Surely it has to be frustrating for a guy who’s elevated his game yet again, averaging 24.5 points, 6.3 rebounds, 5.0 assists and 1.8 steals for the Bulls in 51 games. But he refuses to let it damper his All-Star spirits, playing with some of the best players in the world and a few guys he calls friends, like DeAndre Jordan and Kevin Durant.

“Not for me,” said Butler of the potential stress. “Not saying I’m untradeable but I don’t think about that. If I’m not in a Bulls uniform, I’ll give you a hug and say goodbye to you.”

Moments after Butler made his statement in the media room, the floodgates opened for the trade market as fellow Olympian DeMarcus Cousins was traded from the Sacramento Kings to the New Orleans Pelicans for what seemed to be mere fodder, pennies on the dollar for the most talented center in the NBA.

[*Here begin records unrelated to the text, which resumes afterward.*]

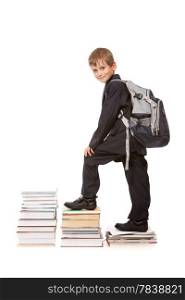 Education success graph - successful schoolboy isolated on white background. Back to school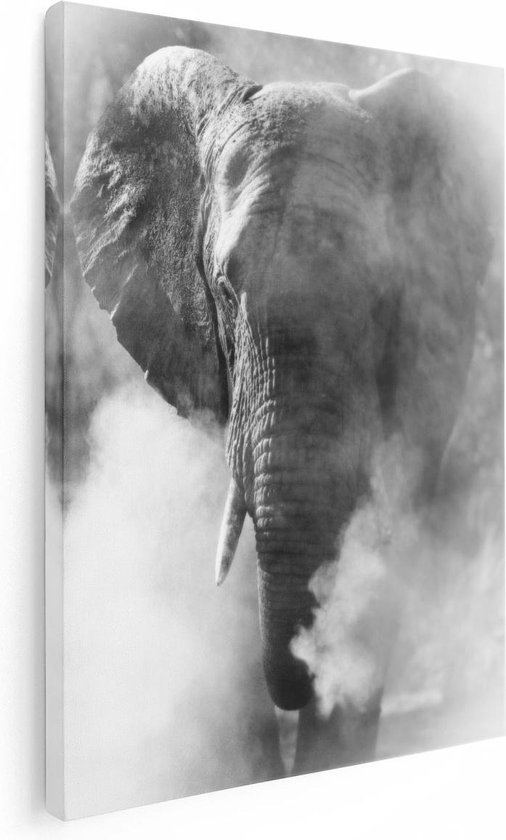 Artaza Canvas Schilderij Olifantenkop - Olifant - Zwart Wit - 30x40 - Klein - Foto Op Canvas - Canvas Print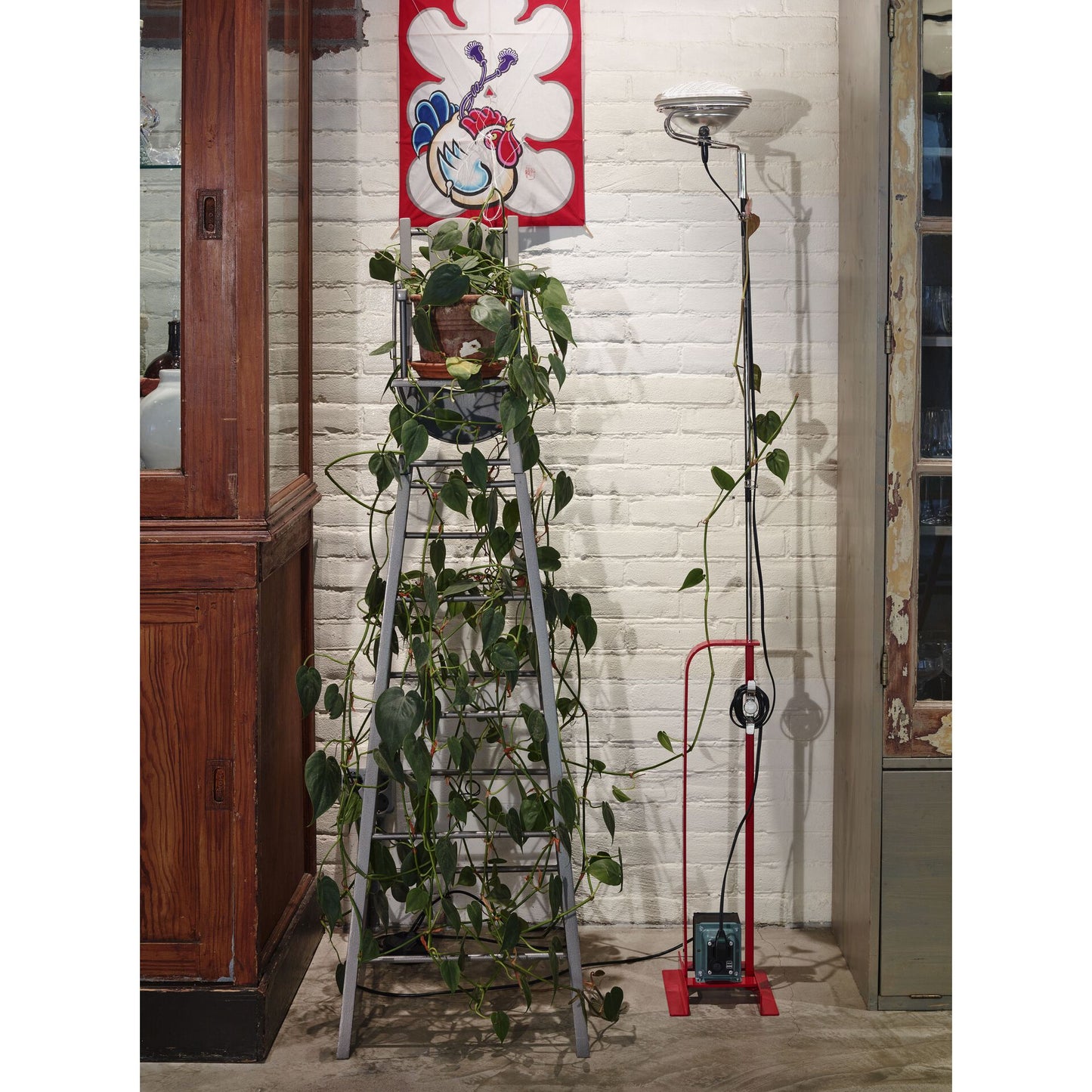 Toio Floor Lamp - Telescopic Stainless Steel & Iron Base Standing Lamp | Industrial Ready-Made Floor Light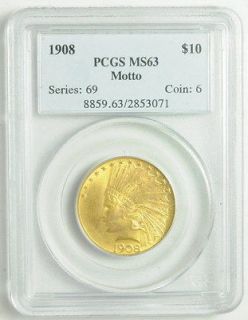1908 US MINT INDIAN HEAD MOTTO GOLD TEN DOLLAR $10 COIN PCGS MS63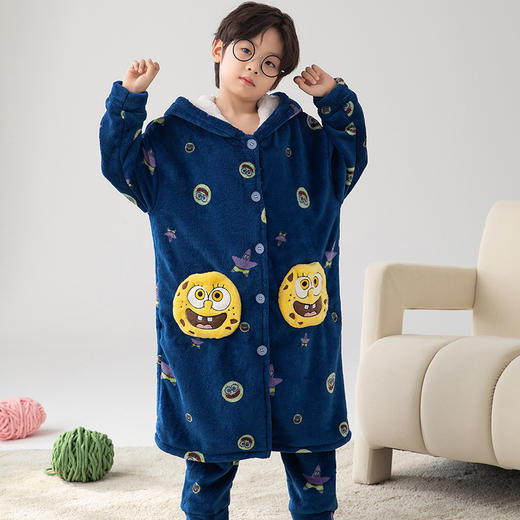 【冬季保暖，珊瑚绒加厚睡袍套装，可外穿家居服】儿童睡袍珊瑚绒 冬季加绒加厚儿童法兰绒 男孩睡衣 可外穿家居服 亲子套装-QQ 商品图12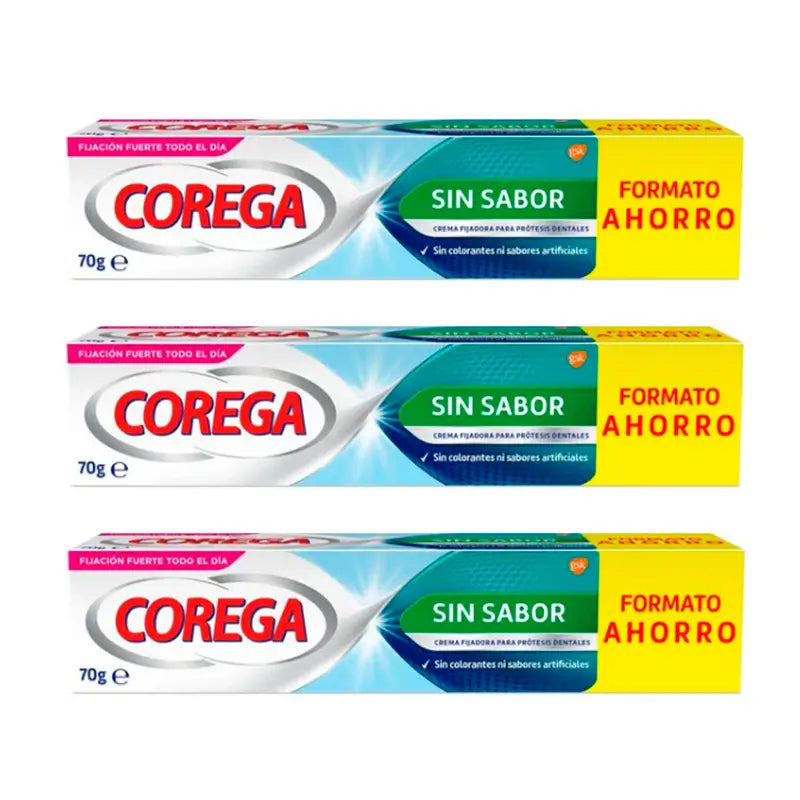Corega Triplo Extra Fort Sans Saveur, 3 x 70 grammes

[SHOP: Get your Bulls gear right here]

While Cousins is far more of a handful than Butler could be, the trade almost signals a consistent truth that always bears repeating—that short of a select few, anybody can be traded.

Even a franchise altering talent like Cousins, who was traded to the city he was physically in for All-Star weekend, and included in the package of players was a guy who hit him in the groin last week (Buddy Hield), resulting in a Cousins outburst and ejection.

Butler has made his name with the Bulls, although not necessarily on the All-Star stage, a player who values defense and doesn’t have as much flash as some of the game’s shinier players.

With a six-point outing in 20 minutes, Butler was an on-court afterthought despite being a starter for the first time.

“Six? Should’ve gone for eight,” he sarcastically deadpanned.

In a relatively jovial mood through the weekend, Butler joked about the talk surrounding him and tried to brush it off as mere chatter as opposed to the franchise not seeing enough in him to make a firm commitment for the long-term, as the Boston Celtics are always hovering.

League sources expect the Celtics to engage the Bulls in conversations for the next few days, but nobody has a great feel for what either side is truly looking for.

But as Butler insisted, he’s only controlling what he can control, which is making himself a fixture for All-Star games to come as opposed to some of the first-timers who don’t know if they’ll get back here again.

“I think I got two underneath my belt,” Butler said. “I know what they’re feeling the first time, It’s so surreal like maybe I do belong here. That’s how I was thinking. Now it’s how do I get here every year? I think that’s the fun part, that’s the challenge. A lot of those guys have done it 10-plus years, hopefully I’m one.”

The only question seems to be, which uniform will it be in because the crazy season has begun.